# Best Air con Cleaner



## DD1

What are you views on the best diy cleaner for the air con ?

any reviews about ?

cheers :thumb:


----------



## TOGWT

1z Klima-Cleaner Air Conditioning Cleaner or Wurth A/C & Heating System Cleaner

"Air Conditioner Cleaning" - http://www.autopia.org/forum/guide-detailing/136495-air-conditioner-cleaning.html#post1447731


----------



## Dave89zetecS

Autobrite Direct

http://www.autobritedirect.co.uk/index.php/air-conditioner-cleaner-sanitiser-deodoriser.html


----------



## Demetrios72

This one worked for me

CAR VAN LORRY AIR CONDITIONING CLEANER AND PURIFIER: Amazon.co.uk: Car & Motorbike


----------



## Grizzle

1z klima cleaner was the best for me.


----------



## FiestaDan

maybe ebay might be good for something like this


----------



## Andy G

If you have a Poundstretcher near you have a look in there, they sell the same type as comma/carplan & many others under the car pride brand for a .....£1


----------



## Trip tdi

Try the Autoglym version, does the job :thumb:


----------



## herbiedacious

Planetpolish's Aircon Karma is the best l've tried so far,leaves a nice fresh menthol smell too.
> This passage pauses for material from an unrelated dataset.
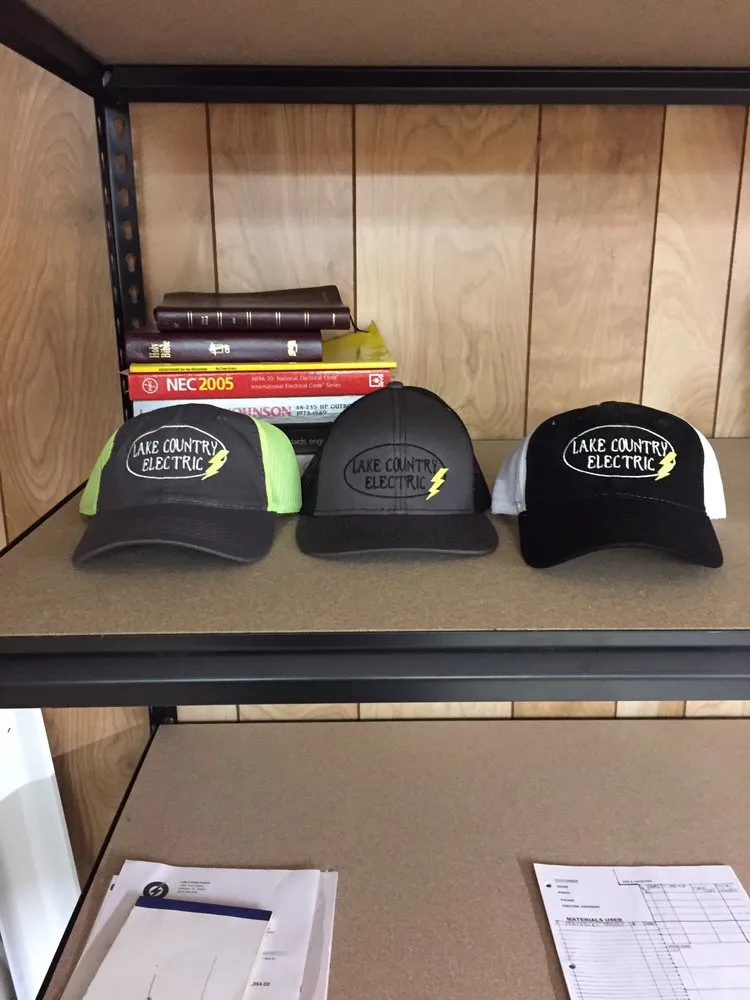 Slide of Lake Country Electric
As a very recent ex-smoker l cant find any trace of the smell of tabs in the car after using it.

Sent from my GT-I9100 using Tapatalk 2


----------



## ronwash

1Z klima is really good,i wouldnt even try something else.


----------



## toni

I prefer Wynn's Airco Cleaner. I found it did a much better than 1Z Klima at taking the stench out of my AC system.


----------



## firebirdrc

Are you sure that you use Wynn Airco Cleaner? because I see that you need AIRCOMATIC™ II Ultrasonic A/C Cleaning System in order to spray it into the system.


----------



## donkeyboy

I used the 1z Kilma Cleaner on my 2007 Honda Legend and it soaked into the ECU causing £3000 worth of damage for a new ECU and wiring loom.

I would suggest a bomb type for safer use.


----------